How to complete this task: Below are records to repeat exactly; copy them without the pictures.

Items listed in a dataset:
——

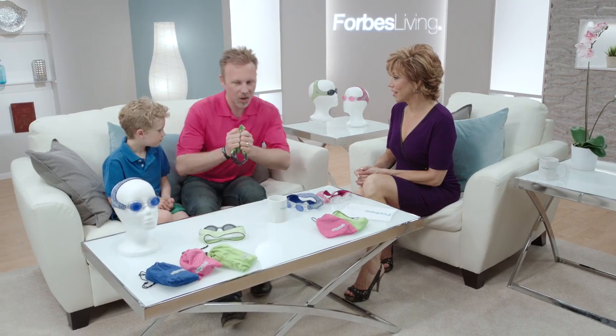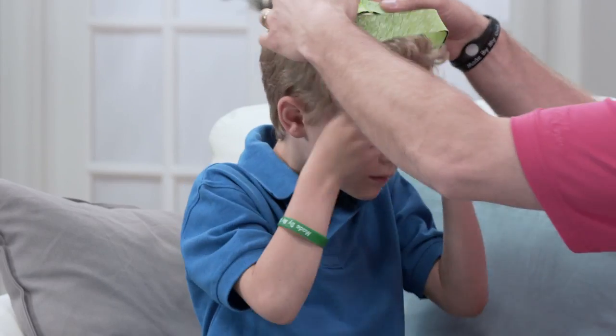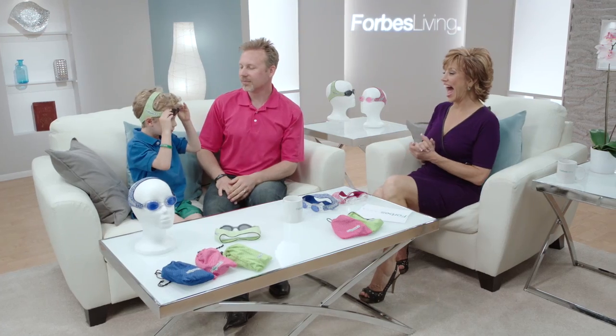That came off beautifully. No hair being caught. So let's say you have a kid that needs their goggles to put on — grab the front. Done. No way. I would never be able to do that with my own goggles. Ever.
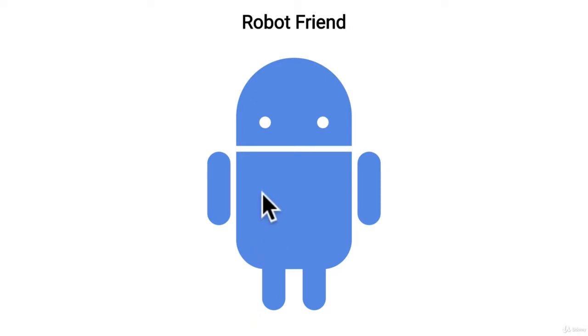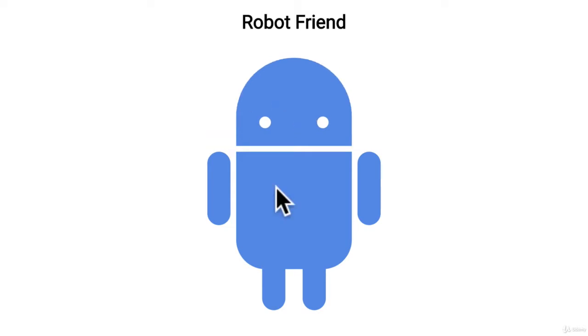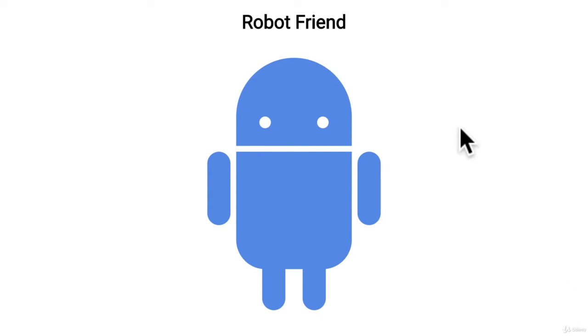Here's the challenge: I've created the majority of this robot, but you first need to assemble it so it looks like this. I've left a few files for you — an index file and a CSS file. The only problem is that these parts are all over the page, and I need you to assemble them.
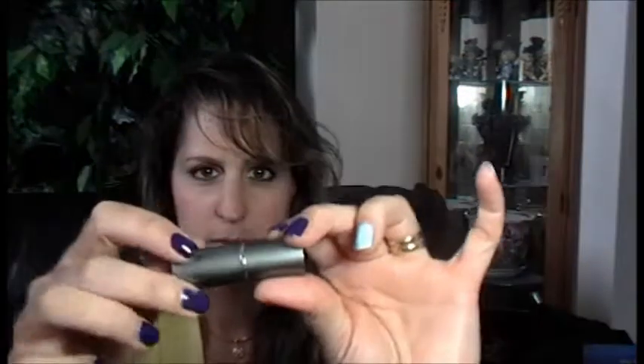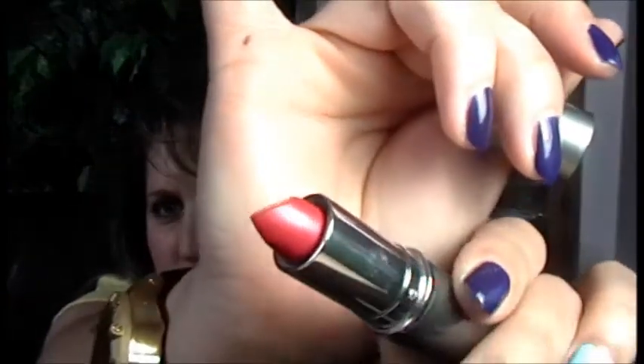The next item is from Mirabella — we've gotten a few Mirabella items in the past. This is a lipstick in the color called Posey. It's in a basic silver container and it's a beautiful color — it comes up really nice. It's kind of a dark pinkish tone, not really reddish, more of a pinkish color. Very pretty.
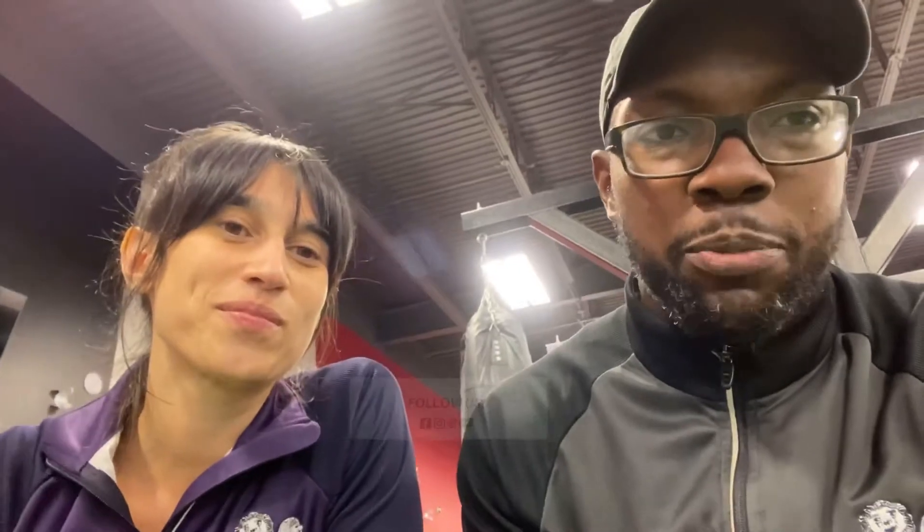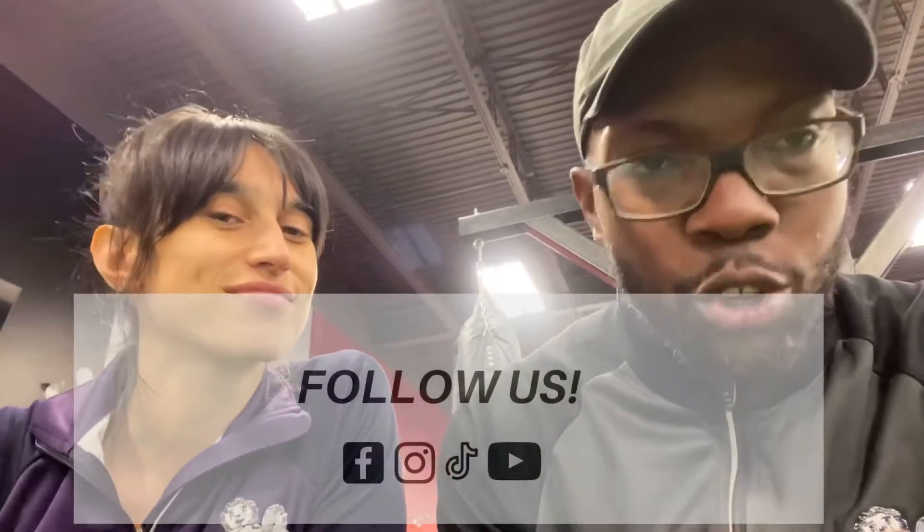Thank you for the No Days Off workout — that was a lot of fun. It's my pleasure. Alright guys, don't forget to follow us on Facebook, Instagram, TikTok and YouTube. And don't forget: find a friend, work out together and keep on pushing. Peace, we out.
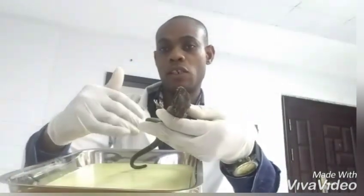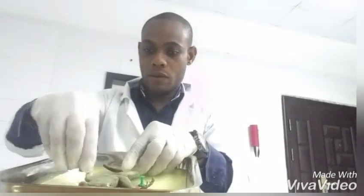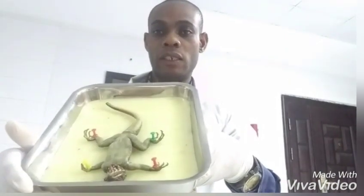I'm going to pin this lizard to the dissecting board and begin the dissection. The lizard is now pinned to the board, as you can see — it is very stable and ready for dissection.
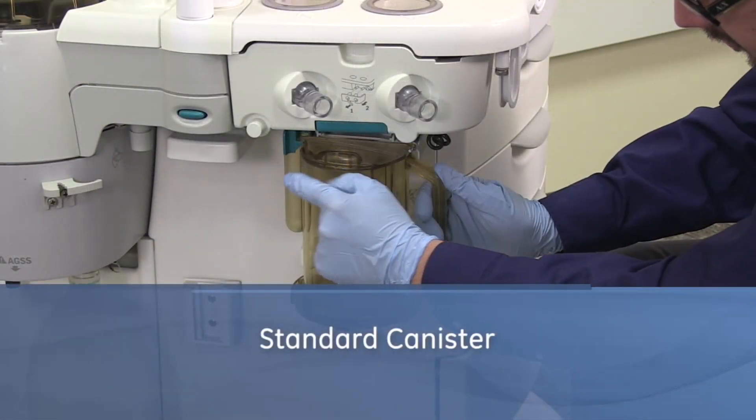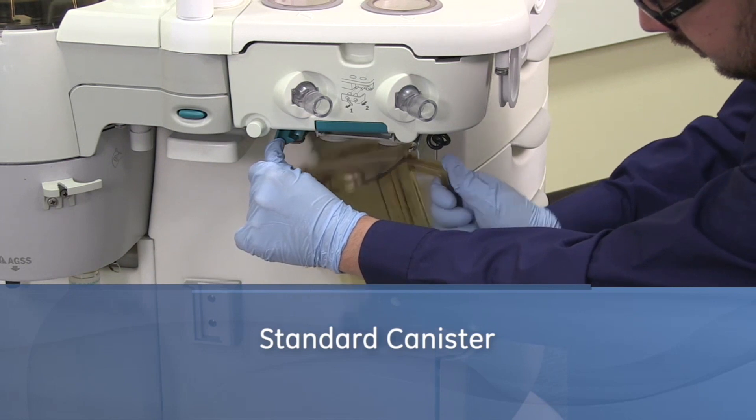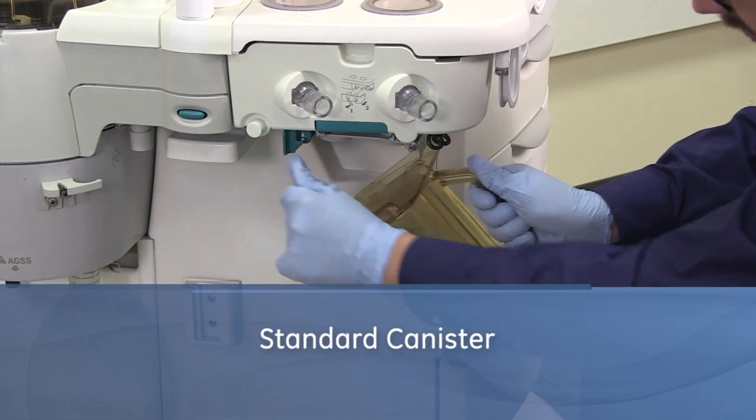Hold the canister by the handle and push the release latch to unlock the canister. Remove the canister by tilting it downward and off the two support pins.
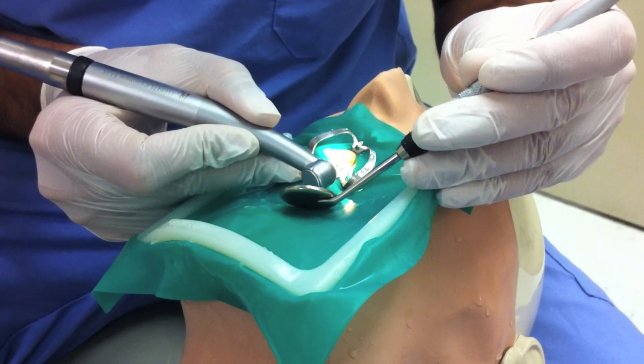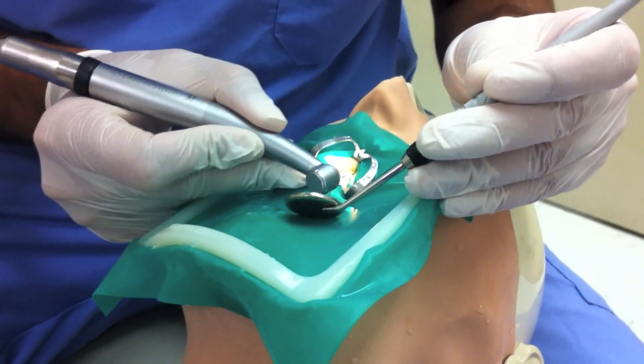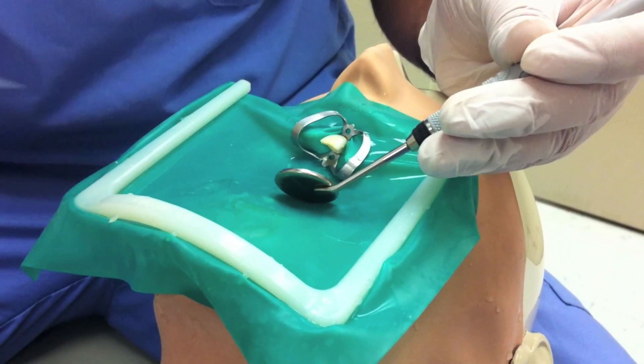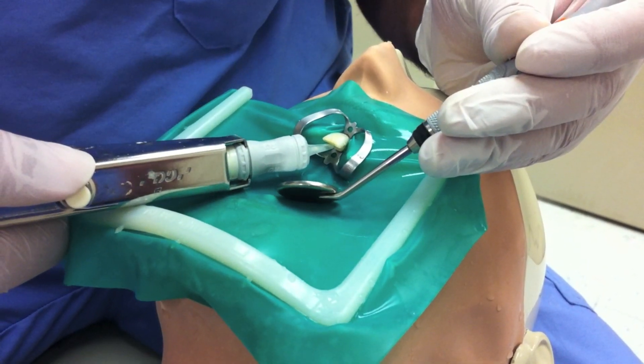Two to three millimeters of gutta percha is removed apical to the CEJ. A protective base of glass ionomer is placed of similar thickness.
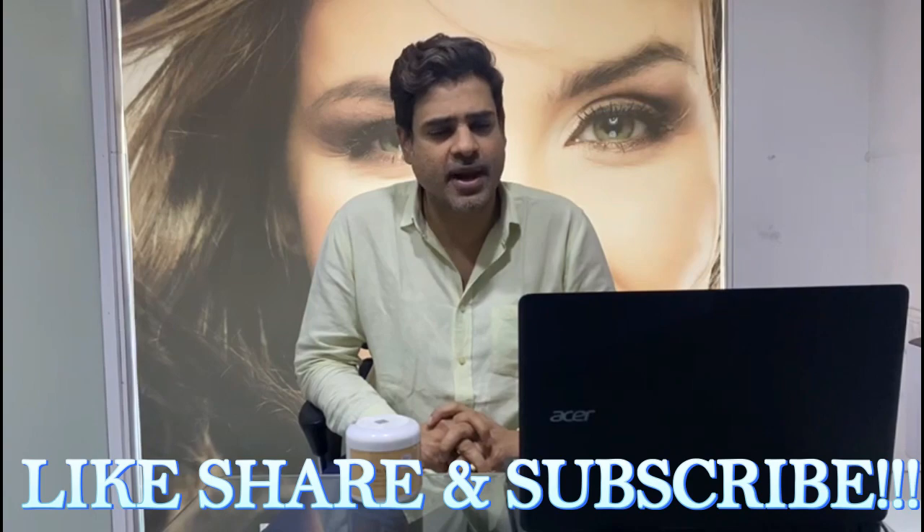Order now from the link below in the description. This is Vikram Thubroy. Do like, share and subscribe. Thank you.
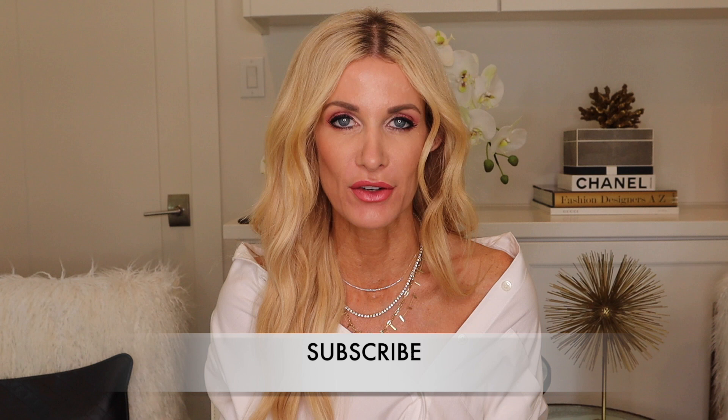Hi ladies! Styling the white button-down 10 different ways today on my channel. If you would please hit that little subscribe button — I publish two new videos every single week. I started this channel for women over 40, but really women of any age that want to look and feel amazing, because I believe everyone deserves to look and feel like the best versions of themselves. I got a lot of requests to style the infamous white button-down 10 different ways.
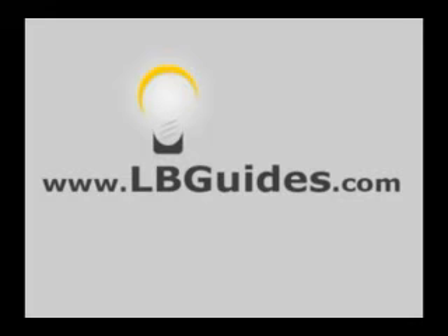To find out much more about digital photography and your digital camera, go to lbguides.com. Thank you very much.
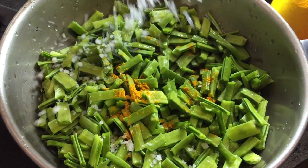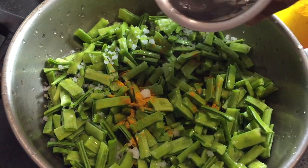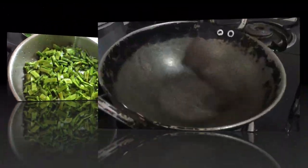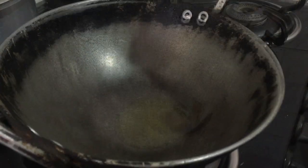I will cut it in the pan. Please cut it at home.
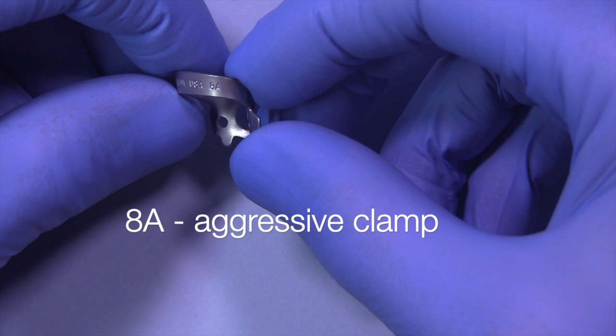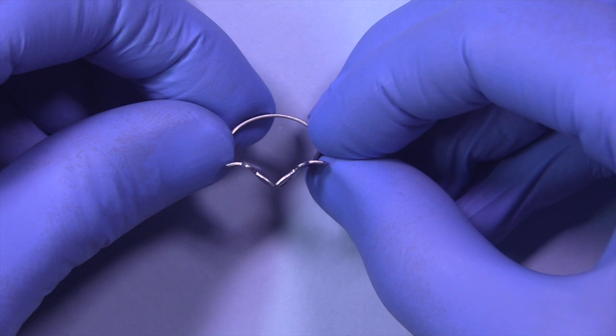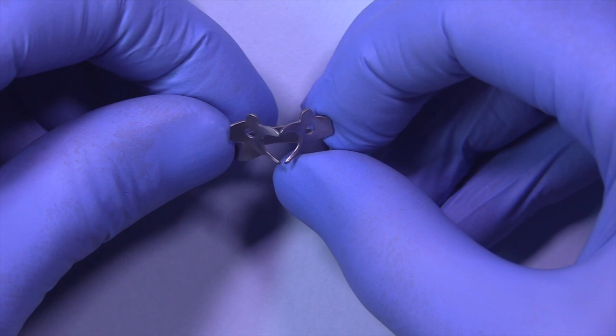This is a clamp that I don't use very often — it's an 8A. I don't like it because it's very aggressive, and the patient will need to be anesthetized on both the facial and lingual side. If you're doing a maxillary isolation, this requires a lingual injection. So these are rarely used.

——

Written solution:
That came off beautifully. No hair being caught. So let's say you have a kid that needs their goggles to put on — grab the front. Done. No way. I would never be able to do that with my own goggles. Ever.
Here's the challenge: I've created the majority of this robot, but you first need to assemble it so it looks like this. I've left a few files for you — an index file and a CSS file. The only problem is that these parts are all over the page, and I need you to assemble them.
The next item is from Mirabella — we've gotten a few Mirabella items in the past. This is a lipstick in the color called Posey. It's in a basic silver container and it's a beautiful color — it comes up really nice. It's kind of a dark pinkish tone, not really reddish, more of a pinkish color. Very pretty.
Thank you for the No Days Off workout — that was a lot of fun. It's my pleasure. Alright guys, don't forget to follow us on Facebook, Instagram, TikTok and YouTube. And don't forget: find a friend, work out together and keep on pushing. Peace, we out.
I'm going to pin this lizard to the dissecting board and begin the dissection. The lizard is now pinned to the board, as you can see — it is very stable and ready for dissection.
Hold the canister by the handle and push the release latch to unlock the canister. Remove the canister by tilting it downward and off the two support pins.
Two to three millimeters of gutta percha is removed apical to the CEJ. A protective base of glass ionomer is placed of similar thickness.
Order now from the link below in the description. This is Vikram Thubroy. Do like, share and subscribe. Thank you.
Hi ladies! Styling the white button-down 10 different ways today on my channel. If you would please hit that little subscribe button — I publish two new videos every single week. I started this channel for women over 40, but really women of any age that want to look and feel amazing, because I believe everyone deserves to look and feel like the best versions of themselves. I got a lot of requests to style the infamous white button-down 10 different ways.
To find out much more about digital photography and your digital camera, go to lbguides.com. Thank you very much.
I will cut it in the pan. Please cut it at home.
This is a clamp that I don't use very often — it's an 8A. I don't like it because it's very aggressive, and the patient will need to be anesthetized on both the facial and lingual side. If you're doing a maxillary isolation, this requires a lingual injection. So these are rarely used.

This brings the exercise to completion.